Başbakan Yardımcısı olan Recep Akdağ sadece Türkiye’nin en uzun süreli Sağlık Bakanı olarak tarihe geçmemiş, kendi şehri olan Erzurum’un İl Sağlık Müdürü Serhat Vançelik’e de tarih yazdırmış. 1940 yılında Dr.Salim Cimilli ile başlayan İl Sağlık Müdürlüğü görevinde en fazla koltukta oturan da ilginçtir, Serhat Vançelik olmuş. Kuşkusuz Vançelik’in bir yıl içinde 3 müdürün değişebildiği İl Sağlık Müdürlüğü gibi bir kurumda bu kadar süre kalması da gerek siyasi irade ve gerekse o Akdağ’dan kaynaklansa gerek. Akdağ da memnun ki Serhat Vançelik’in tam 10 yıl gibi uzun bir süre görevde kalmasını sağlamış. 1940 yılından bu yana Erzurum’da tam 28 Sağlık Müdürü görev almış. Serhat Vançelik 2007 yılında koltuğu Ali Daşdan’dan almış ve o gün bugündür de İl Müdür. Görünen o ki, Bakan Akdağ iyi de etmiş. Onca yılın Basın emekçisiyim, ilk defa bu kadar süre görevde kalmasına rağmen eleştirilmeyen bir il müdürünü görüyor, tanıyorum. Zaten tanımaz-etmez beni. Babamın oğlu değil, hakkında hiç kötü bir şey duymuşluğum bir isim değildir Vançelik. Aynı zamanda Profesör de olan 49 yaşındaki Serhat Vançelik, yeni Bakanın uygulamaya koyacağı sistemde de İl Müdürlüğü için en kuvvetli aday. Gerçi Halk Sağlığı’nın sevilen Müdürü Dr. Mahmut Uçar da anladığım kadarıyla İl Müdürlüğü’nü istiyor ama inanıyorum ki olmasa da Vançelik olursa bundan hiç rahatsızlık duymaz. İşte ben böyle adamları seviyor ve buradan da kendi adıma kamuoyuna duyurmayı görev sayıyorum.
--
Seni tanıdığıma memnun oldum Çırçırlı Zühtü!

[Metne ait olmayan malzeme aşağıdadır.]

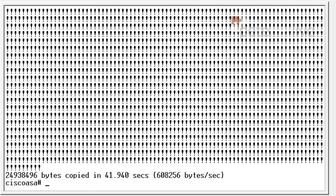Now I've got the operating system across. I also want to copy across the ASDM image.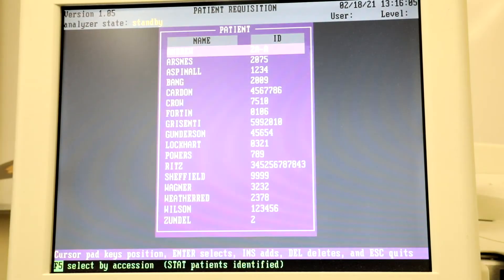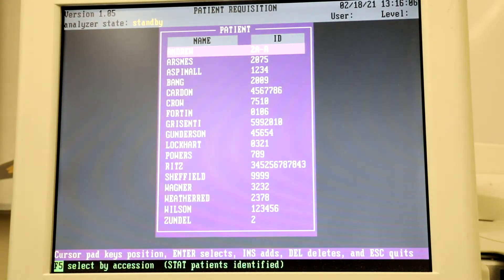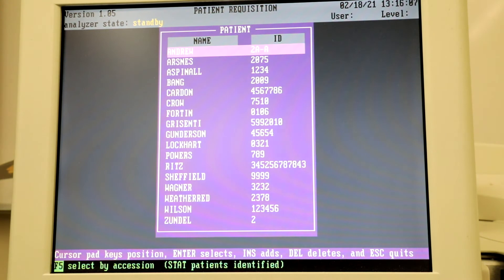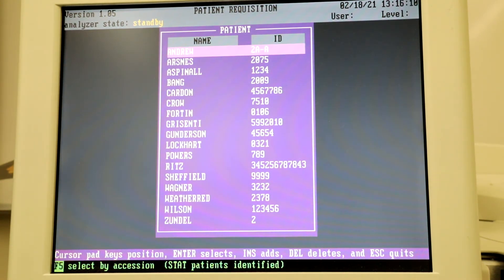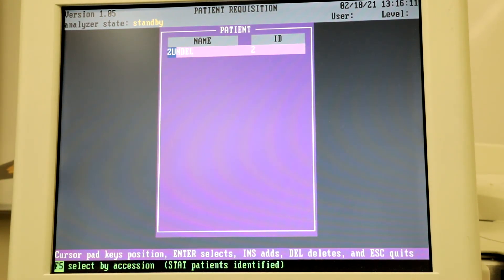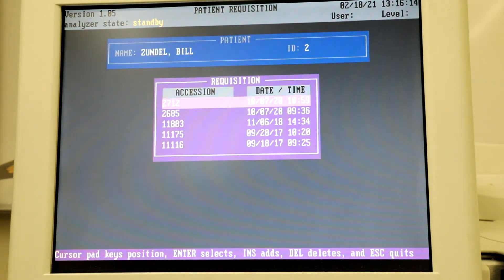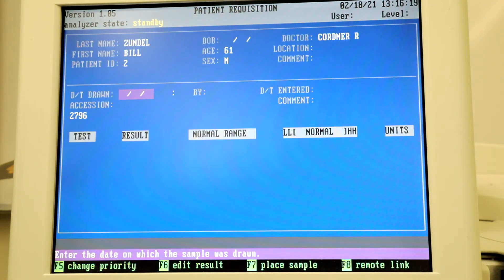Select R for Requisition then P for Patient. If you see yourself on the list, you can type the first few letters of your name and then select your name. Hit INS to add new accession.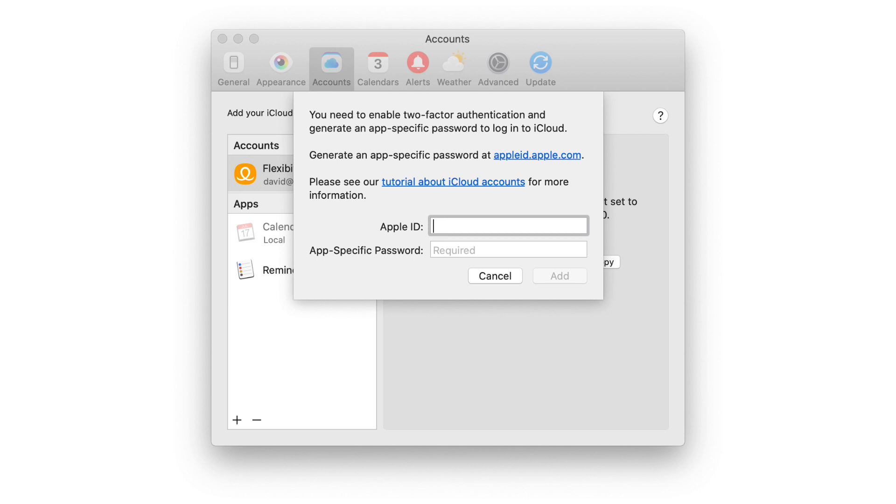This one-time use password is a security feature that Apple has implemented. I can't use my regular iCloud password for this. I need Apple to generate one for me. So now we'll need to go over to the internet, specifically appleid.apple.com.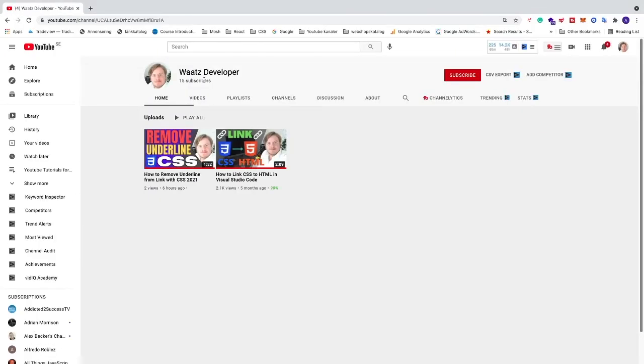And also if you just want pure programming videos, I will leave a link in the description to my WhatsDeveloper channel for pure programming videos.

GEÇMİŞİMİZ ZENGİNLİĞİMİZDİR
Geçmiş toz gibidir, üfle gitsin demiş adamın biri. Hadi ordan, hadi ordan! Geçmiş bizim zenginliğimizdir. Atamızdır, babamızdır, anamızdır. Ben Oscar Wilde’ciyim. O, hiç kimsenin geçmişini satın alacak kadar zengin olmadığını, olamayacağını söyler. Mesela geçmişimden olan Zühtü Akbaba ismi benim için önemli bir isimdir, akrabam gibidir. Profesyonelliğe ilk adım attığında Erzurumspor’un antrenörü değildir sadece Zühtü Akbaba. Aynı zamanda Erzurum’un eski bıçkın delikanlılarından, meşhur boksörlerindendir. ‘Çırçırlı Zühtü’ diye nam salmıştır,İsim yapmıştır, iz bırakmıştır. Klasik bir laf olacak ama, bir adamdır o, ama çok adamdır. Onca yaşamışlığına rağmen Dadaş doğmuş, Dadaş kalmıştır. Benim için Alvarlı Efe Hazretleri, İbrahim Hakkı, Nefi, Cevat Dursunoğlu, Cemal Gürsel, Münir Demirci, Nurettin Topçu, Müftü Solakzade, Nafiz Kotan, Haydar Telhuner, Mehmet Nuri Yılmaz, Nihat Kabanlı, Nazif Kuran, İbrahim Erkal, Reyhani gibi marka isimler neyse Zühtü Akbaba da odur. O da Erzurum’un sembol isimlerinden biridir.
AHIM GİTTİ, VAHIM KALDI!
Adını çok duyardım, tanışmak yeni nasip oldu. Polat Otel’in Müdürlüğünü yapan Hami Akbaba’nın babası olan Zühtü Akbaba ile görüştüm hafta sonu. Uzun süredir İstanbul’da yaşıyor ve gerçek bir dadaş. 86 yaşına basmasına rağmen maşallah, hafıza yaşı 25! Denildiği gibi, son derece şık, bakımlı, tiril tiril! Helallık almaya geldim diyor ve ne kadar tanıdıkları varsa misafir etmiş Polat Otel’e, onlarla orada görüşüyor, hasret gideriyor. Bir arkadaşı onun için, ‘’Çırçırlı Zühtü eskiden yoldan geçerken biz kaldırım değiştirirdik. Dövmediği adam olmazdı. Böyle yiğit az gelmiştir’’ dedi. Zühtü ağabeye bunu sordum. Gerçekten de gençliğinde denildiği gibi ‘şergade’ miydi acaba? ‘’Ben yetim büyüdüm. Herkes benden korkardı, ben annemden’’ dedi, söylenenlerin doğru olduğunu belirtti. Artık ah’ının gittiğini, vah’ının kaldığını ifade ediyor. Tanımaktan mutluluk duyduğum adamlardan olan Zühtü Akbaba, şişman bir çocuğun pastayı sevdiği gibi seviyorum seni. Sağlıcakla kal güzel ağabey..
--
Gündem bahane, sohbet şahane!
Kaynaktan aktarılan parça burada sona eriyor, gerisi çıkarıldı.